En revanche, au vu de l’ensemble des circonstances, notamment des conditions particulières d’exploitation de cet établissement, non contestées par l’intimé, et de l’absence d’antécédent de même nature pour l’exploitante, sa durée est disproportionnée (ATA/453/2006 du 31 août 2006 ; ATA/34/2005 du 25 janvier 2005). Le Tribunal administratif prononcera donc une restriction d’une durée d’une semaine de l’horaire d’exploitation de l’établissement, l’heure de fermeture étant fixé à 03h00, mesure complémentaire à la sanction infligée par le DES le 14 juin 2006.

9. Le recours sera ainsi partiellement admis.

Au vu des motifs ayant conduit à l’admission partielle, un émolument de CHF 1'000.- sera mis à la charge des recourantes, prises conjointement et solidairement et une indemnité de procédure de CHF 500.- leur sera allouée, à la charge de l’Etat de Genève.

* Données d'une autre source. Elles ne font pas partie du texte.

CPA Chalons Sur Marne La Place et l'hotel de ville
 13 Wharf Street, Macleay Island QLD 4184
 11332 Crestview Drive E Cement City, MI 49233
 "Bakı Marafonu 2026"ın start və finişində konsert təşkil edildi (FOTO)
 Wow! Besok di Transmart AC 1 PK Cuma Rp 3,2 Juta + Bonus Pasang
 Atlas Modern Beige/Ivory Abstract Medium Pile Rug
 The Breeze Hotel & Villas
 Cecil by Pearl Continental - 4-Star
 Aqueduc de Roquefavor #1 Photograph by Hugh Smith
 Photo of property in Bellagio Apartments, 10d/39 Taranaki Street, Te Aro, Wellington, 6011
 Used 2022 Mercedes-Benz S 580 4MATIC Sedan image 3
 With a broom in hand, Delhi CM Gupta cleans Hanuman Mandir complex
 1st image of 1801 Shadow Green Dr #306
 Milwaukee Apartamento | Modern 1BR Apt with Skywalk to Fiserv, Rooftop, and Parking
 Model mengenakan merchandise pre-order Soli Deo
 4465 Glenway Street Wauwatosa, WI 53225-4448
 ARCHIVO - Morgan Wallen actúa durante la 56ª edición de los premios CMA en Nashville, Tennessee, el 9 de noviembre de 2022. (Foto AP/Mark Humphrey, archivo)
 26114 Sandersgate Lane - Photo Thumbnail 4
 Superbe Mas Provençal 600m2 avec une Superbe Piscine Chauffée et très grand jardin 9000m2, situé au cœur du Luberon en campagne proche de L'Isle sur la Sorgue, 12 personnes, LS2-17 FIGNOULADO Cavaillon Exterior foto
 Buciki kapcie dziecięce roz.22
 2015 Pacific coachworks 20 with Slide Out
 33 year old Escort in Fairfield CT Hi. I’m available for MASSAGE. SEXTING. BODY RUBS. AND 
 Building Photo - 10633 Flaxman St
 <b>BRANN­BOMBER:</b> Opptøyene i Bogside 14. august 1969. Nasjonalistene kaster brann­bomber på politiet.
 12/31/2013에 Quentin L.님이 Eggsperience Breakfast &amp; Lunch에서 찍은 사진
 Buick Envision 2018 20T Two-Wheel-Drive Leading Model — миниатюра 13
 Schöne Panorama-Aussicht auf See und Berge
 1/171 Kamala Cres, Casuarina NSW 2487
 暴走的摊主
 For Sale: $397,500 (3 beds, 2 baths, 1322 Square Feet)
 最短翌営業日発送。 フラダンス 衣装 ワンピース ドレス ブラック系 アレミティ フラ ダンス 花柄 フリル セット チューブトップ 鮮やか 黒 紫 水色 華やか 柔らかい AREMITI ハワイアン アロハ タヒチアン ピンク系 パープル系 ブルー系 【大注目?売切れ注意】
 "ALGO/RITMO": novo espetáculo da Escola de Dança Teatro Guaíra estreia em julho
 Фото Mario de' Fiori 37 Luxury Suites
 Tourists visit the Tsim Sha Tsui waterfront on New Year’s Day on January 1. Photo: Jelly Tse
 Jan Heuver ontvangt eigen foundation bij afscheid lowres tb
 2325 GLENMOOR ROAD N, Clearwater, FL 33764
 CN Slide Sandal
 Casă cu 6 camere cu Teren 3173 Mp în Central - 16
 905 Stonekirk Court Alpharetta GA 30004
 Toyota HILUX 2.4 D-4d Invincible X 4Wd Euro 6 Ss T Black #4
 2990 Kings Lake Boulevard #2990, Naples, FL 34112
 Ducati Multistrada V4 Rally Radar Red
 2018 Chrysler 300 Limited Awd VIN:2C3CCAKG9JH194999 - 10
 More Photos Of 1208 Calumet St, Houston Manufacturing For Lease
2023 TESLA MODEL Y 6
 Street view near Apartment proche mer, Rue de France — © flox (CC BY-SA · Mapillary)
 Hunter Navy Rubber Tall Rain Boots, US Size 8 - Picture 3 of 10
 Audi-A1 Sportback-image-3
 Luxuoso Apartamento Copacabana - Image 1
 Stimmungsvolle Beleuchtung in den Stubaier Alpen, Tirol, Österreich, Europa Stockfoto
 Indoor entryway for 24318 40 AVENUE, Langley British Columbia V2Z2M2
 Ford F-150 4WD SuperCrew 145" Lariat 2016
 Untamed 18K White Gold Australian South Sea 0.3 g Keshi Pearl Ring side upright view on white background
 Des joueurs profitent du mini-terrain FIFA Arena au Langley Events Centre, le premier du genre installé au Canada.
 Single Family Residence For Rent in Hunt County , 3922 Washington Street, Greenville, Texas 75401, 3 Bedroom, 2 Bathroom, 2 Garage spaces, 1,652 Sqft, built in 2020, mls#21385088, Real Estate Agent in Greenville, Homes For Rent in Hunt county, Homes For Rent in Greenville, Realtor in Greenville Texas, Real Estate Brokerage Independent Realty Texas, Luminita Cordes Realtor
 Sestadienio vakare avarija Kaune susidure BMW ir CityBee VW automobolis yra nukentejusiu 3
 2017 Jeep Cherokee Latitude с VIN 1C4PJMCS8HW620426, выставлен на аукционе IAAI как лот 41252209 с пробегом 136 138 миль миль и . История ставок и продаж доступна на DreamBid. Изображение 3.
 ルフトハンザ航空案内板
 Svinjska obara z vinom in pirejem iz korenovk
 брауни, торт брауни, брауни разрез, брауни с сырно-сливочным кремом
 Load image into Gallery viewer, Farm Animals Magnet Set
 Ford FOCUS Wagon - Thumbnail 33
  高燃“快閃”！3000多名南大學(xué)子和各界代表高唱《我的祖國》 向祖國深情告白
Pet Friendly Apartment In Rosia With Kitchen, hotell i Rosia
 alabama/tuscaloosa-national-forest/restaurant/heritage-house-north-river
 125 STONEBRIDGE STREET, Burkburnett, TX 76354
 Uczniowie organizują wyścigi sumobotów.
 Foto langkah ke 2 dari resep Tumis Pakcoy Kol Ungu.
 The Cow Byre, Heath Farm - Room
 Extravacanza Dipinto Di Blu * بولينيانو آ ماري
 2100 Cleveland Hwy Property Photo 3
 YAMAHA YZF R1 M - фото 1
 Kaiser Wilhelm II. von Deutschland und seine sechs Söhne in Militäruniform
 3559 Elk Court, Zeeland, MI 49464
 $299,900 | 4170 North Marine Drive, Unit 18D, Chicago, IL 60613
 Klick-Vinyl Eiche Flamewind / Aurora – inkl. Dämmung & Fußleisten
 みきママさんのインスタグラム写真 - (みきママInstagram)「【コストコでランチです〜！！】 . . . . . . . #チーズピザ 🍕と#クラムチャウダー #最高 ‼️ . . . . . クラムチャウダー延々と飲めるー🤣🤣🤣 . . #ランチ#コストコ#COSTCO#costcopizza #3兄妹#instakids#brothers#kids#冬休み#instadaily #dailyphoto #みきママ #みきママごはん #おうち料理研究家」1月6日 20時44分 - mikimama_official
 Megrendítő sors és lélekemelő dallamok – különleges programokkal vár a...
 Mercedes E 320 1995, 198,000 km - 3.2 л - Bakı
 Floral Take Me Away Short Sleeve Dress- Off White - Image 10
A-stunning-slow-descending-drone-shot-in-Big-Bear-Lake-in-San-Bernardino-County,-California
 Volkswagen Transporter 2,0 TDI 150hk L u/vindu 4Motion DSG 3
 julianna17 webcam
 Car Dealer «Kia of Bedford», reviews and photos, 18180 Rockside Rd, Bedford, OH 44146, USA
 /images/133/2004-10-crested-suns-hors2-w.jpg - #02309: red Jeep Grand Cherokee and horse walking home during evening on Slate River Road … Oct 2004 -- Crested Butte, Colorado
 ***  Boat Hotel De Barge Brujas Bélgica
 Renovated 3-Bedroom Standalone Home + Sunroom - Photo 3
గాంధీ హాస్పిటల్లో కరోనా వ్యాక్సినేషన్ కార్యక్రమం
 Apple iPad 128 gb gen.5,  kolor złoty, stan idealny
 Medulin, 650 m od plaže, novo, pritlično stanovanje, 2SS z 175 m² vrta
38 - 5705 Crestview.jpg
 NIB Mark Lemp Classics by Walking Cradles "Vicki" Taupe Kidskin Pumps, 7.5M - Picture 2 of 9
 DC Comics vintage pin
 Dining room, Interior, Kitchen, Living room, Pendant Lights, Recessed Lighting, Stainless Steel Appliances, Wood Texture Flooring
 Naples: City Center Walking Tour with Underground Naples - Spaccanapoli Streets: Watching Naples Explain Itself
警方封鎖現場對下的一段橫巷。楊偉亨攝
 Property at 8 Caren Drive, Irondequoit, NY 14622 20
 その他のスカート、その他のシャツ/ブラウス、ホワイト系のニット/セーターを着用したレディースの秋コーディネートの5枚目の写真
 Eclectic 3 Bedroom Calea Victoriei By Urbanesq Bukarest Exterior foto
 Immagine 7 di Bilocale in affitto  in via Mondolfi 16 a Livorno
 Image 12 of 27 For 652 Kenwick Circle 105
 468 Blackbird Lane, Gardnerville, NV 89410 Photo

Un émolument de CHF 750.- sera mis à la charge du DES (art. 87 LPA).

 

* * * * *

PAR CES MOTIFS
LE TRIBUNAL ADMINISTRATIF

à la forme :

déclare recevable le recours interjeté le 17 juillet 2006 par Madame R______ et D______ S.A. contre la décision du département de l’économie et de la santé du 13 juillet 2006, sous réserves des conclusions irrecevables de D______ S.A. relatives à l’amende administrative infligée à Madame R______ ;

au fond :

l’admet partiellement ;

annule la décision du département de l’économie et de la santé du 13 juillet 2006 en ce qu’elle prononce une amende de CHF 1'100.- à l’encontre de Madame R______ ;

prononce en lieu et place, à titre de sanction complémentaire à l’amende administrative infligée le 14 juin 2006, une amende administrative de CHF 400.- ;

annule la décision du département de l’économie et de la santé du 13 juillet 2006 en ce qu’elle prononce une restriction d’une durée d’un mois de l’horaire d’exploitation du dancing « Le D______ Club » ;

prononce en lieu et place, à titre de sanction complémentaire à l’amende administrative infligée le 14 juin 2006, une restriction d’une durée de sept jours de l’horaire d’exploitation du dancing « Le D______ Club », en ce sens que l’heure de fermeture sera fixée à 03h00 pendant la durée de la mesure ;

met un émolument de CHF 1'000.- à la charge des recourantes, conjointement et solidairement ;

met un émolument de CHF 750.- à la charge du département de l’économie et de la santé ;

alloue une indemnité de procédure de CHF 500.- aux recourantes, à la charge de l’Etat de Genève ;

dit que, conformément aux articles 82 et suivants de la loi fédérale sur le Tribunal fédéral du 17 juin 2005 (LTF - RS 173.110), le présent arrêt peut être porté dans les trente jours qui suivent sa notification par-devant le Tribunal fédéral, par la voie du recours en matière de droit public ; le mémoire de recours doit indiquer les conclusions, motifs et moyens de preuve et porter la signature du recourant ou de son mandataire ; il doit être adressé au Tribunal fédéral, 1000 Lausanne 14, par voie postale ou par voie électronique aux conditions de l'article 42 LTF. Le présent arrêt et les pièces en possession du recourant, invoquées comme moyens de preuve, doivent être joints à l'envoi ;

communique le présent arrêt à Me André Malek-Asghar, avocat des recourantes ainsi qu'au département de l’économie et de la santé.

Siégeants : M. Paychère, président, Mmes Bovy et Hurni, M. Thélin, Mme Junod, juges.

 

Au nom du Tribunal administratif :

la greffière-juriste adj. a.i. :

 

 

P. Pensa

 

le président :

 

 

F. Paychère

 

 

Copie conforme de cet arrêt a été communiquée aux parties.